Please note that because the age-based scores are derived from the performance of different age-groups in our test data, there are two important details to remember when referring to them:

They are not criterion-referenced, unlike the scaled scores. This means that an age-based standardised score of 100 should not be interpreted as having met any age-related threshold or criteria.

They are for comparison only, i.e. should only be used in the context of the test to determine whether a pupil is performing well compared to other pupils of a similar age, and within their school year. An age-based standardised score of 100 therefore reflects that a pupil is performing as expected for the month of their birth within the academic year.

Pupils who are not within the expected age range for a given school year will not receive an age-based standardised score, for example pupils with delayed entry to school, or those in higher school years taking tests intended for a lower school year.

Monitoring Pupil Progress

Because the scaled scores are calculated the same way for each test, a pupil who is just reaching the expected standard at each testing point in the academic year will achieve a scaled score of 100, i.e. their scaled score will not increase across the academic year. This is because the thresholds reflect an expectation of pupils gaining new knowledge, skills, etc. from the teaching and practice they experience from testing point to testing point.

Please also remember that making expected progress is separate from reaching the expected standard, so even if a pupil is not meeting the expected standard, they can still show expected progress from one test to the next if their scaled score remains similar across the academic year, even if they have not attained a scaled score of 100.

Variation of a few points up or down from one test to the next is to be expected. However, a large drop in performance (a lower scaled score than the previous test) suggests a pupil may not have made progress since the last test.

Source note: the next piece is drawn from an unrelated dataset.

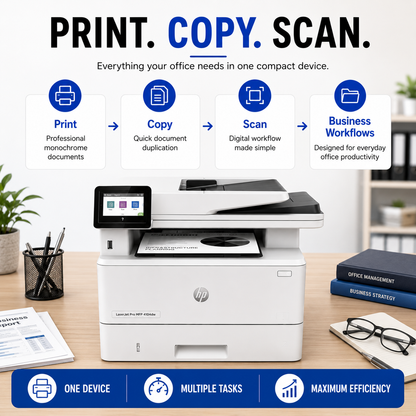 HP LaserJet Pro MFP 4104dw Printer – 2Z632A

Equally, a substantial jump up the scaled scores from the previous tests would indicate greater progress than might otherwise be expected.

The same principles apply to the age-based standardised scores too, i.e. if a pupil’s age-based score remains very similar at each testing point in the year for a particular subject, then they are progressing at the expected rate for their age.

Please note: As these tests have been designed to judge whether pupils are meeting the expected standard, they might not test the full depth and breadth within your class. As such, pupils who are working below the expected standard, or are not achieving age-related expectations (ARE) might benefit from other types of assessment more suited to their needs. Pupils working at the higher standard would benefit from further, more challenging, formative assessments to test the depth of their understanding, and to ensure they continue to be engaged and make progress.

APPENDIX

Our Standard Setting Process

There were two panels for each subject, operating independently from each other. They were composed of experienced teachers, test developers and educational consultants, who had no involvement in setting the questions.

Panel members were individually asked to review each item on the tests (as well as review the test as a whole) and to make a judgement as to how many pupils (out of 100) who are working just at the expected standard at the point of assessment would get each question correct. This meant they had to take into account the point in each academic year that the tests are recommended to be used and what would be expected to have been taught at each point. The outcomes were used to create a criterion-referenced test threshold for each test.

An expert panel meeting was then organised and each test threshold was discussed and compared with the live, incoming pupil performance data from MERiT, as well as historical item performance from previous years (to give a norm-referenced viewpoint). The final test thresholds were then agreed amongst panel members based on both expert judgement alongside analysis of pupil test performance.

This process is similar to the one used by the STA.

Outcomes

Testbase considered the recommendations of the two panels before setting the final standards.